Japanese insurer to reduce domestic coal covers

Sompo has announced it is to become the first Japanese insurance company to adopt a position on the underwriting of coal.

The group issued a sustainability statement in which it said it would cease underwriting coal fire power stations in the country. The move has been welcomed by environmentalists but they say the new sustainability strategy does not go far enough.

The new stance was revealed in a statement by Group CEO and President: Kengo Sakurada.

“Since the Paris Agreement, efforts to reduce emissions of CO2 and other greenhouse gases and realise a decarbonized society have accelerated,” he stated. “Since coal-fired power generation emits more greenhouse gases than other power generation methods, there is a growing voiced need to curb new development and shift to energy with less environmental impact, such as renewable energy.

“Under these circumstances, the Group will continue to provide insurance products and related services for renewable energy businesses such as solar power and wind power, and actively support innovation by companies working to reduce CO2 emissions. In addition, Sompo Japan Insurance will not insure and invest in new construction of coal-fired power plant in Japan, except for projects for which underwriting, investment and financing has already been expressed.

“In the case of a power generation with power efficiency exceeding the certain level in accordance with the energy strategy of Japanese government, it might consider to insure or invest with a careful thought confirming measures to reduce environmental impact, such as reduction of greenhouse gas emissions and alternative means.”

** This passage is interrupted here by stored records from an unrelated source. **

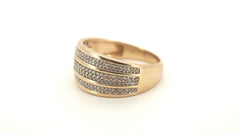 Men's 10ct Yellow Gold Straight Diamond Set Ring (Size P) - 505862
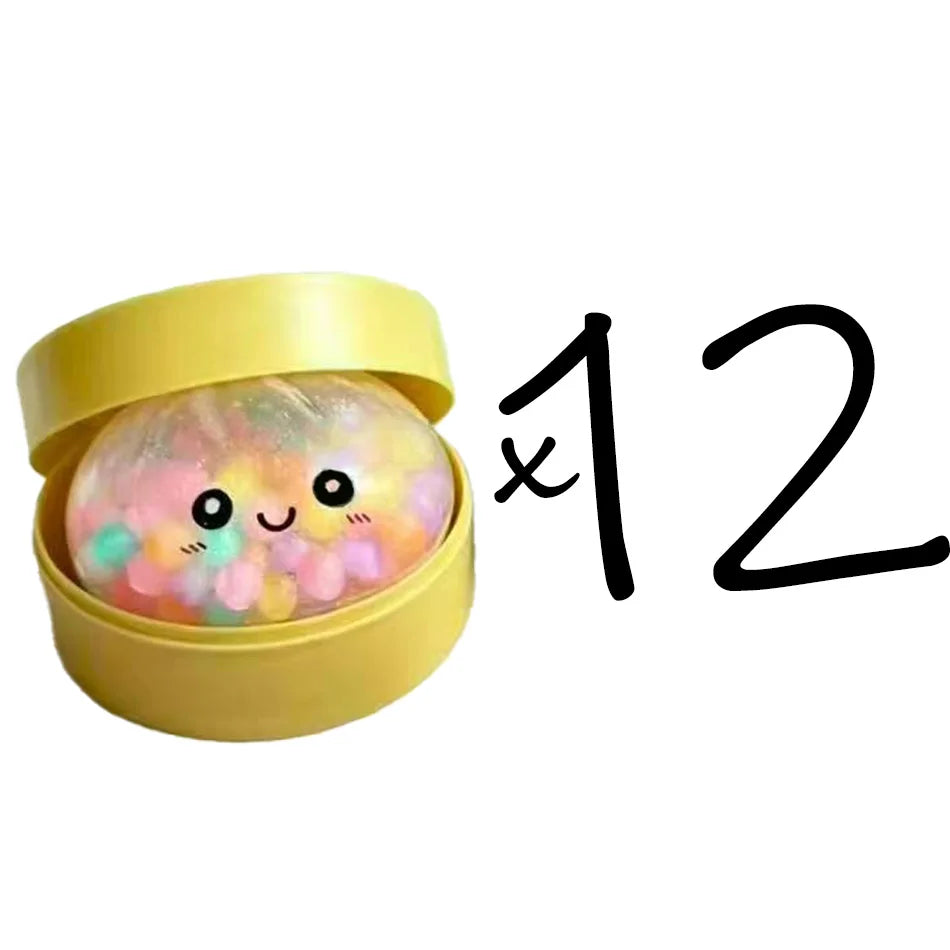 Rainbow dumpling squishy toy by HSF Marketplace for sensory play and stress relief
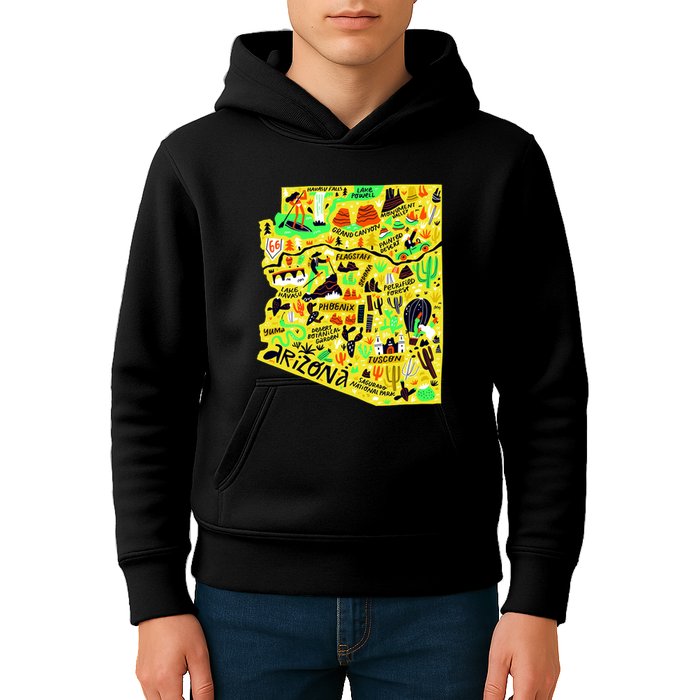 Arizona Infographic Hand Drawn Map Kids Hoodie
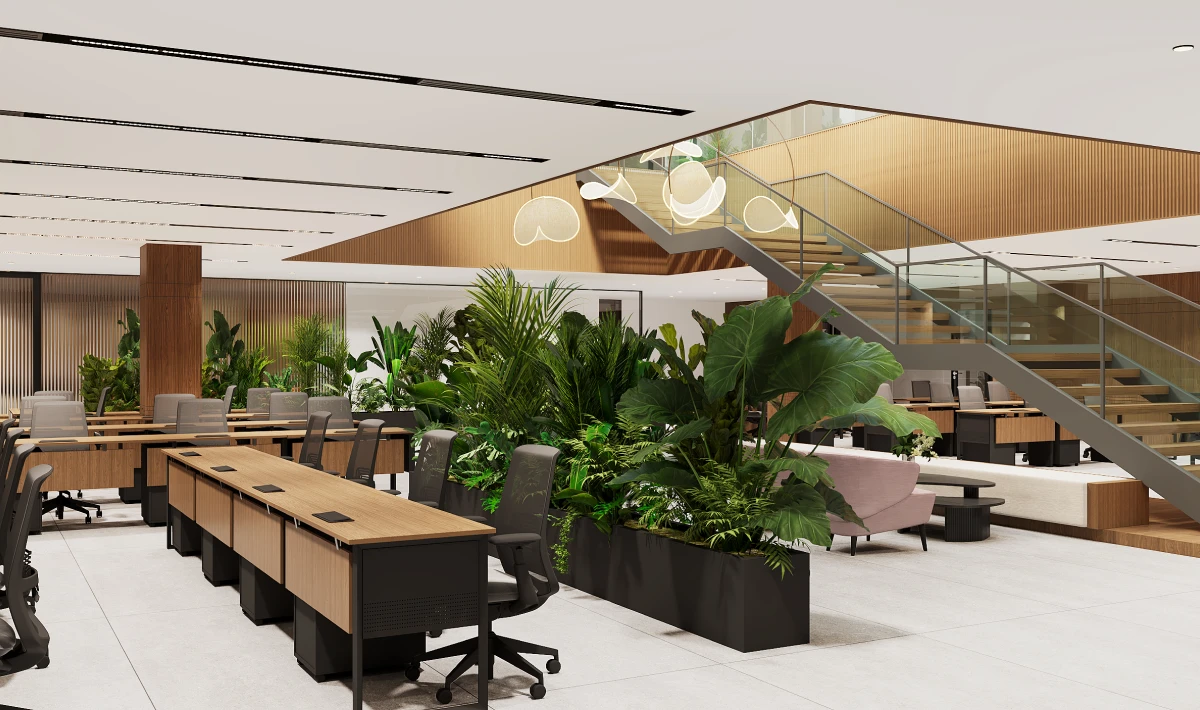Sustainable office interior with eco-friendly materials for employee well-being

The group added that it would work towards encouraging greater biodiversity with a range of links with major environmental initiatives and would look to drive the issue of human rights both inside the company and with its clients and suppliers.

“For the human-cantered society in which no one is left behind, our group will consider the human rights of customers, business partners, and all other stakeholders who are involved in its global business activities, and strengthen dialogue with stakeholders in order to avoid and prevent the risk of indirect human rights issues,” added Mr Sakurada. “We expect our business partners to protect human rights based on international codes of conduct, and in the event that we identify a potential negative impact on human rights, we will encourage appropriate responses through dialogue and consultation.”

Environmental Group Insure Our Future welcomed the move to cease the underwriting of Japanese Coal Power plants but added there was more that could be done.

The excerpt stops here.